[ Bir Gandouz, Western Sahara]
I mean, are you really sure you want to leave Morocco? Really sure you want to continue with this adventure? ARE YOU SURE you’re up for it?
Such are the questions the weather is planting in my wind-whipped consciousness. My answers at the moment involve lots of whining, I’m afraid.
I’m so close to Mauritania I can taste it, but the weather is testing my resolve. What should have been two easy days with a tailwind has morphed into a stalled high pressure system delivering sustained 48kph headwinds (30mph) with gusts up to [imagine me cursing loudly because the number is unknown and doesn’t matter].

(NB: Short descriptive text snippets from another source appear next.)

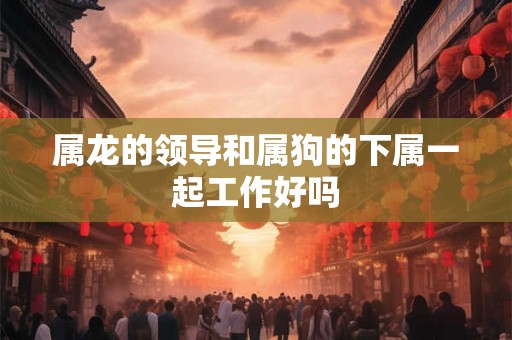 属龙的领导和属狗的下属一起工作好吗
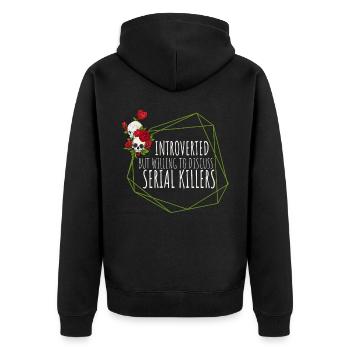 Introverted but willing to discuss Serial Killers - Unisex Premium Organic Zip Hoodie - black - Back - Nico (187cm)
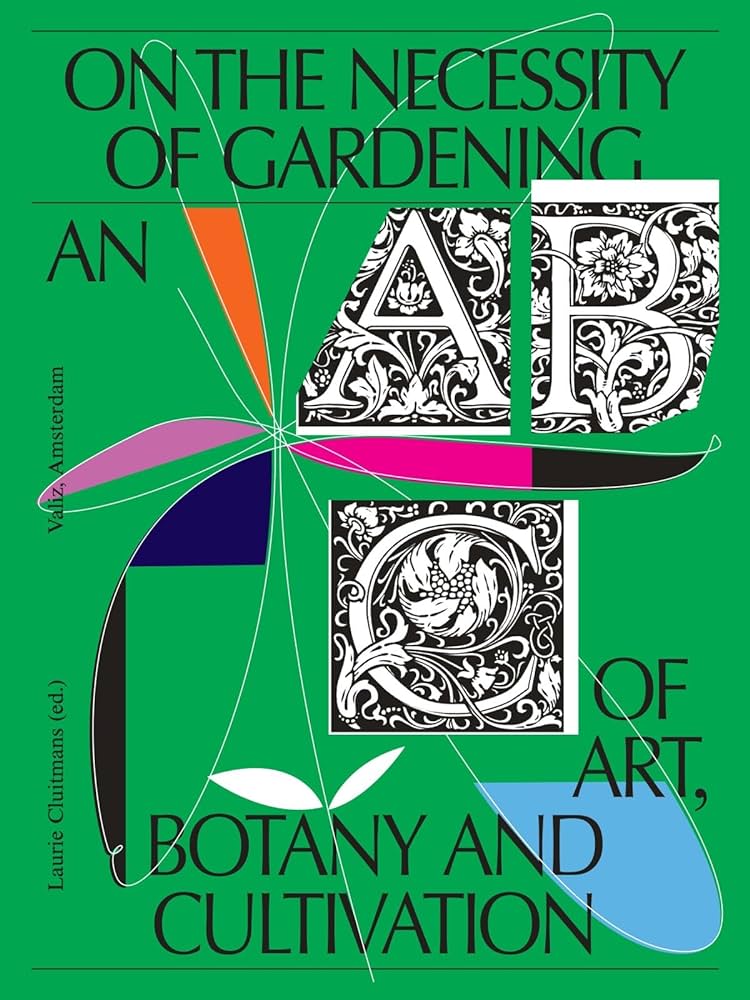 On the Necessity of Gardening: An ABC of Art, Botany and Cultivation - 71ntPvDr_rL._AC_UF1000_1000_QL80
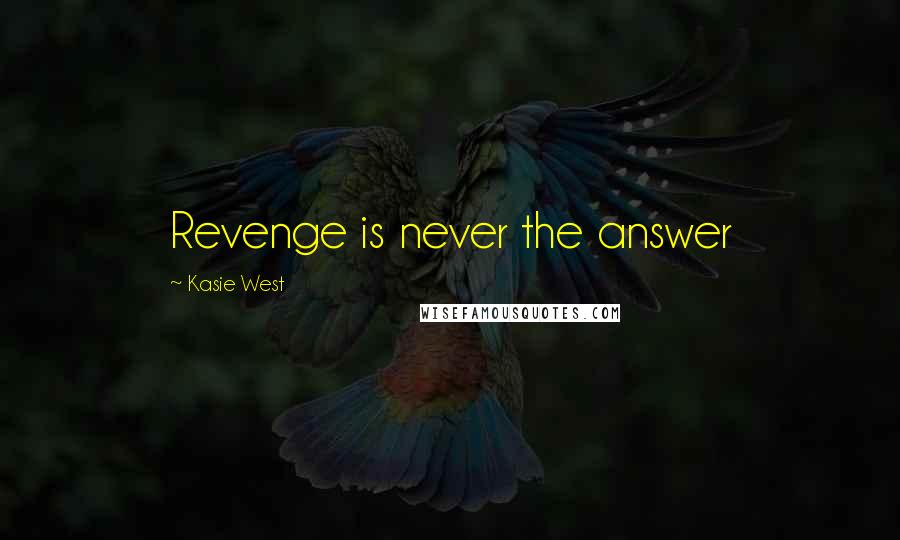Kasie West Quotes: Revenge is never the answer
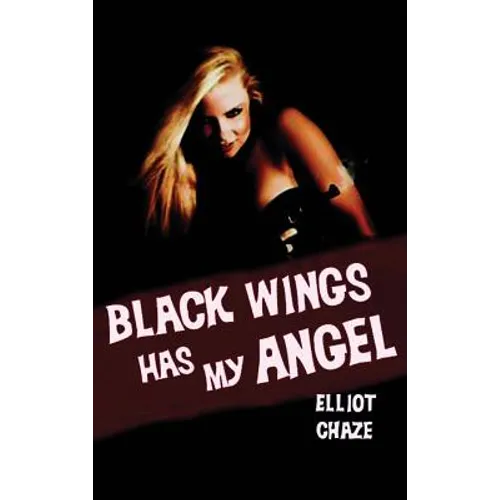 Black Wings Has My Angel - Hardcover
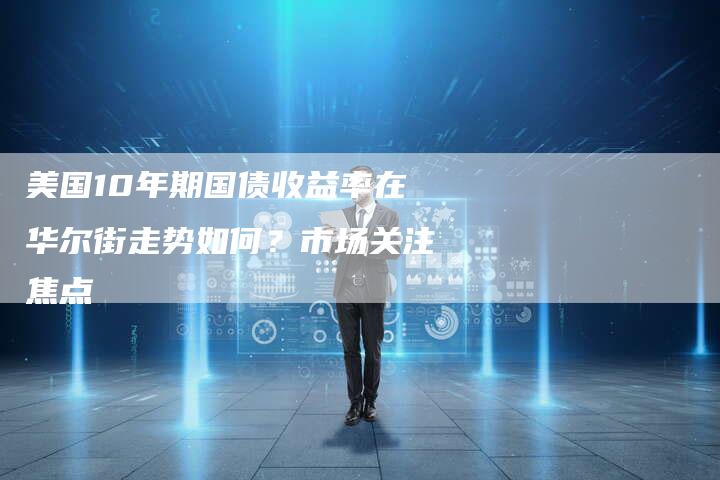 美国10年期国债收益率在华尔街走势如何？市场关注焦点
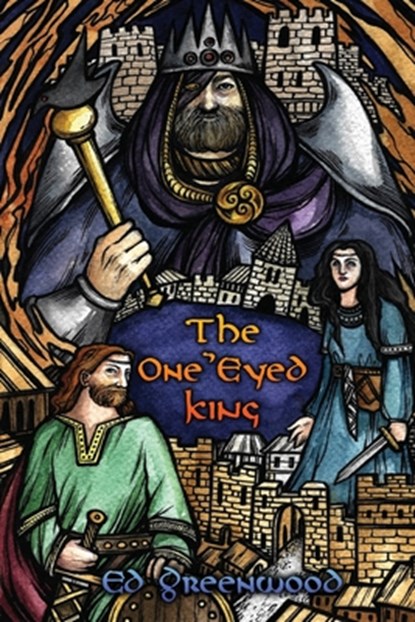 The One Eyed King, Ed Greenwood - Paperback - 9781988051215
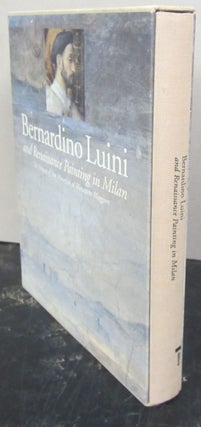 Item #72251 Bernardino Luini and Renaissance Painting in Milan; The Frescoes of San Maurizio al...
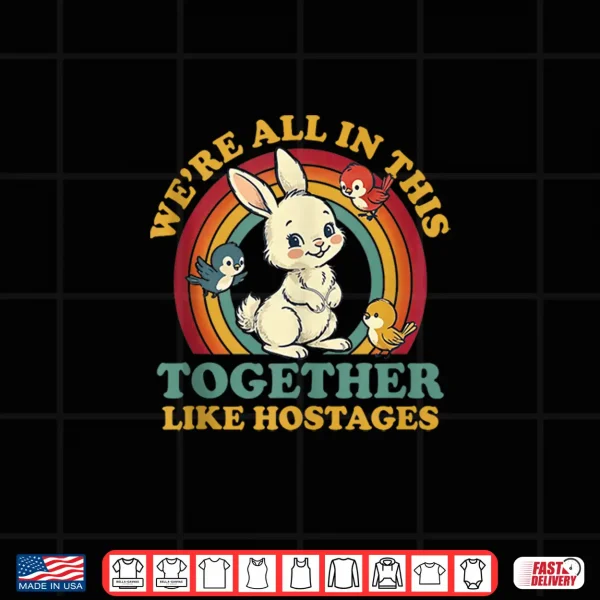 Design Funny Were All In This Together Like Hostages Humor Vintage Shirt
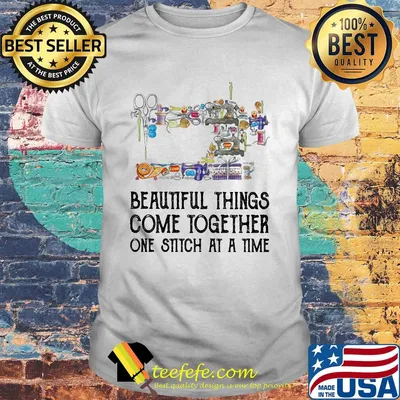 Sewing beautifull things come together one stitch at a time shirt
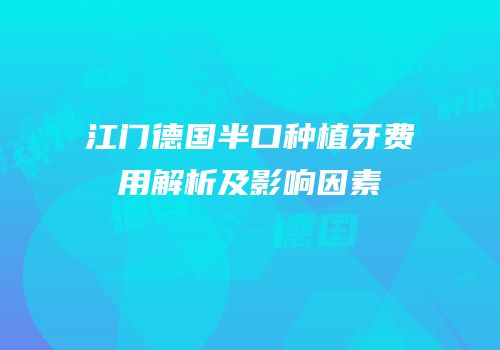 江门德国半口种植牙费用解析及影响因素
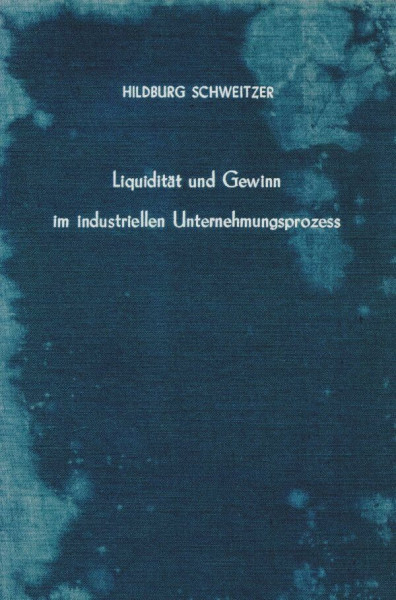 Liquidität und Gewinn im industriellen Unternehmungsprozeß. (Betriebswirtschaftliche Forschungsergebnisse, Band 32)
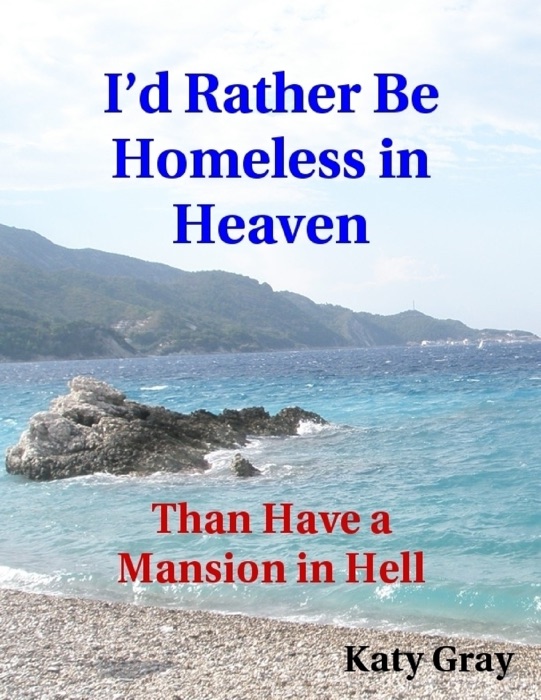 I’d Rather Be Homeless in Heaven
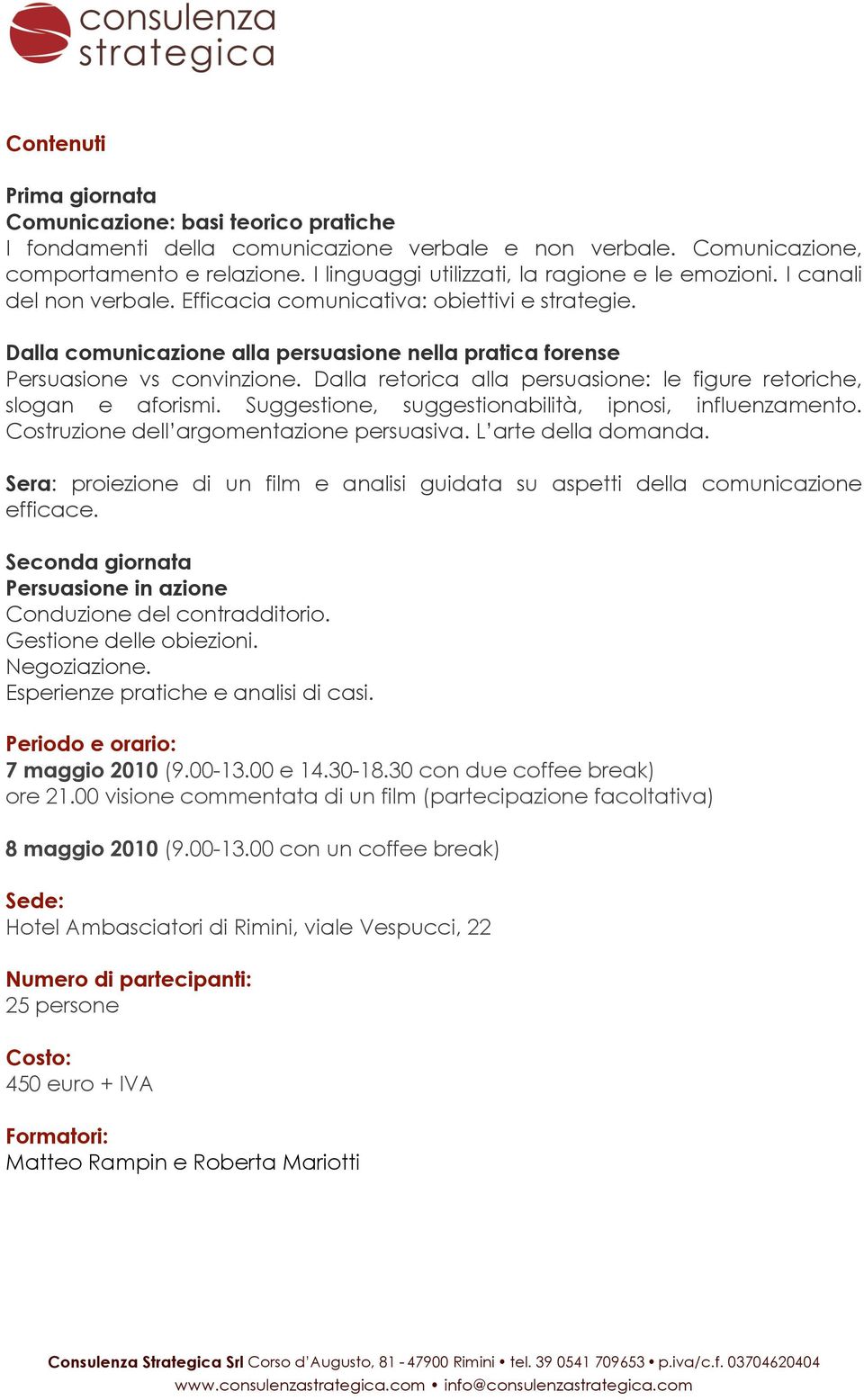 Dalla comunicazione alla persuasione nella pratica forense Persuasione vs convinzione. Dalla retorica alla persuasione: le figure retoriche, slogan e aforismi.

Yesterday’s should’a’been-simple, 38 kilometer ride took six-plus hours rather than the expected two. I arrived here demoralized and spent. Also dirty, surrounded by an aura of Pure Stink, out of water, and in desperate need of sugar and mounds of food. The police at the checkpoint looked at me like I had three heads. Perhaps I can claim major badass status for completing those miles, but I have also learned this: anyone who crosses this desert going the other way? Legendary Beings of Awesomeness. I can’t even imagine.
Now I sit, surrounded by military and UN types, camped out behind a gas station and construction site watching the weather forecast and listening to the winds scream. My tent is protected from them by a giant wall, and is staked out with discarded rebar just to be sure. (I’m not kidding, and have included a pic to prove it…the last one in the gallery.)
On the plus side, I’ve had some great experiences. There was an overnight with a work crew across the bay from Dakhla (I asked to pitch my tent and instead got two hot meals and an indoor bunk for the night). I crossed the Tropic of Cancer. There was a night spent truly out in the dunes, hidden from the wind by crazy, enormous formations held together by shrubs with long wire-like roots. A “cafe” inhabited by a small, bike-chewing horse and a stray dog. And the aforementioned Hell Ride of yesterday.
Oh, and the terrain? Stunning. Vast. Austere. Relentless. Surprisingly varied.
Since I’m camped out anyway, you get an update.
Hopefully this will be the last update from Morocco. Mauritania, here we come!